### GIVEN RECORDS
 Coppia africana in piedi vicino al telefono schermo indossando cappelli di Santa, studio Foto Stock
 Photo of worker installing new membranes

--

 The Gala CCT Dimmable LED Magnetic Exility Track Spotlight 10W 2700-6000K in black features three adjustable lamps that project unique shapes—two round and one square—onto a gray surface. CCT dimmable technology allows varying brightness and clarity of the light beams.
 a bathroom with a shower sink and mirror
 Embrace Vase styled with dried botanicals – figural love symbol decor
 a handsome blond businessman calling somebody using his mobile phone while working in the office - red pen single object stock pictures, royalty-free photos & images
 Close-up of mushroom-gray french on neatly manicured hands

### TASK
Within the listing above, locate the line containing "Coppia africana in" and the line containing "Photo of worker installing new membranes". Reproduce those two lines and all lines between them exactly, with nothing added.

### ANSWER TO THIS PROBLEM
 Coppia africana in piedi vicino al telefono schermo indossando cappelli di Santa, studio Foto Stock
 Photo of worker installing new membranes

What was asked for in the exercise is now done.